We all have the tendency to want to do things the way we have always done them and a return to routine a great comfort after a destabilizing change. But the shift to a Network Economy has already begun. Things are not going back to what they were, so we are better off using the uncertainty to upgrade our relationship skills and invest in a range of social relationships that draw upon different strengths and expose us to diverse people and situations.
Start with self-knowledge. C. Robert Cloninger, a researcher at the Center for Well-Being at Washington University at St. Louis published studies showing that well-being goes up, and symptoms of depression and other emotional disorders are diminished for individuals who work to develop what he terms "mental self-government," i.e., becoming more internally directed than externally controlled, more cooperative and compassionate than competitive, more intuitive and thoughtful as a balance to rigid, structured thinking. A positive mental state is defined by some social psychology researchers as "a constructive and mature way of thinking that is hopeful and nonviolent." People with greater self-awareness have a higher proportion of positive thoughts on a regular basis and demonstrate increased activity in the cerebral cortex, the most recently evolved portion of the brain. This tells us that positive thoughts and emotions are essential to proper brain functioning as well as well-being, And that a constructive, creative approach to problems can lead to a sustainable and enduring share of good feelings.

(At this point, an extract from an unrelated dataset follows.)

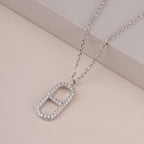 Capsule 925 Sterling Silver Pendant Necklace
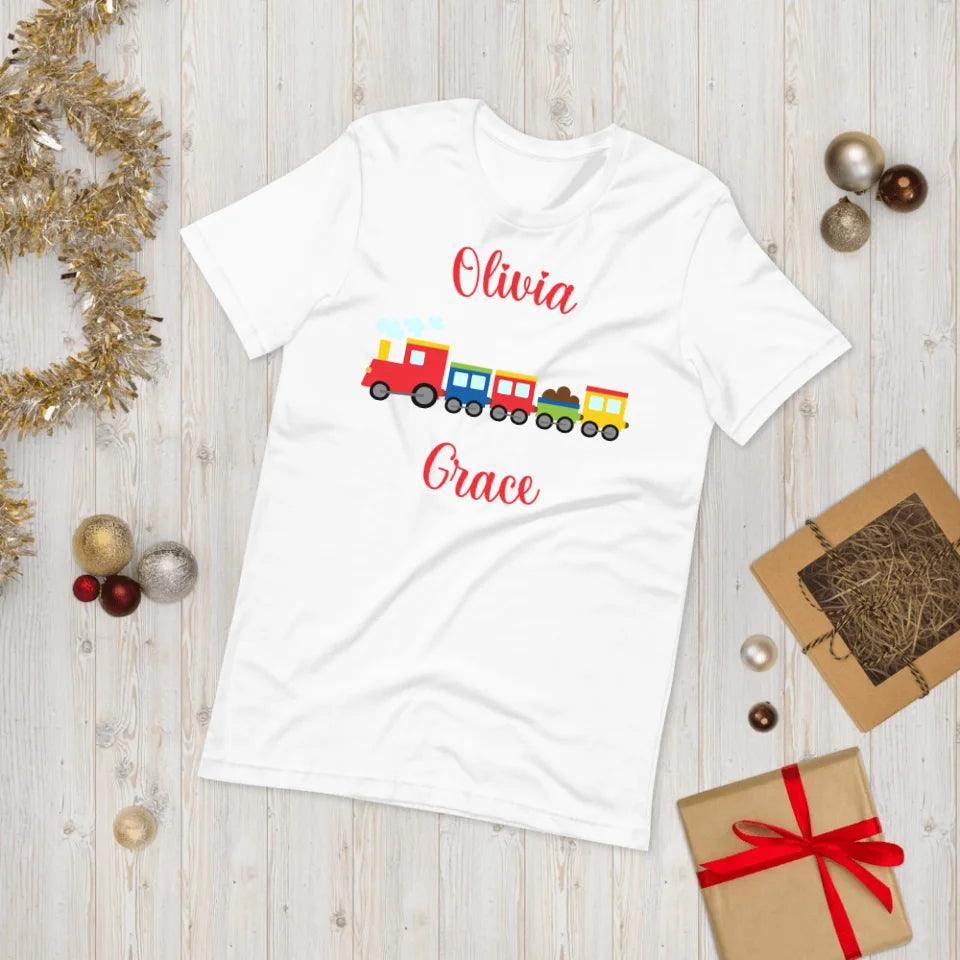 Custom Bright Colored Train T-Shirt - ART-TSH169 - ARTFULANE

Here are some ideas for expanding self-awareness that also expand social networks for personal and professional advancement:
Make a list of your established strengths and accomplishments. Be specific. Write down positive comments others have made about these, in letters, conversations, or performance reviews.
Make a list of undeveloped potential and unused abilities. Next to each of these, list actions to take that will tap those potentials. Research organizations, websites, conferences, or classes that offer opportunities to attend training, observe others already involved in these areas, and talk to people.
Take stock of all the people already in your life and the contributions they make to your well-being as well as what you do for them. Write down their names and list the gifts they have already given you. Write down all the roles you take in relating to them and the special skills you use in that relationship. If there are few relationships of this kind on your list, figure out why and change it.
Feel uncomfortable meeting new people? Get busy doing something important. The discomfort will be there, but with a higher purpose.
Volunteer for a not-for-profit organization.
Join local community organizations and sign up for committees.
Journaling, meditation, and creative experiences are excellent methods for increasing self-awareness and self-discipline, but have the added value of getting past the defenses we all constructed in school when we became fearful of making mistakes of appearing foolish. Creative, intuitive ideas flow when we develop a habit of self-reflection that produces a sense of psychological safety. Those ideas show us our most deeply-held passions and vision, and in the network economy it is people who have the combination of mental clarity, self-awareness, and the capacity to be self-initiating who will benefit most from emerging possibilities.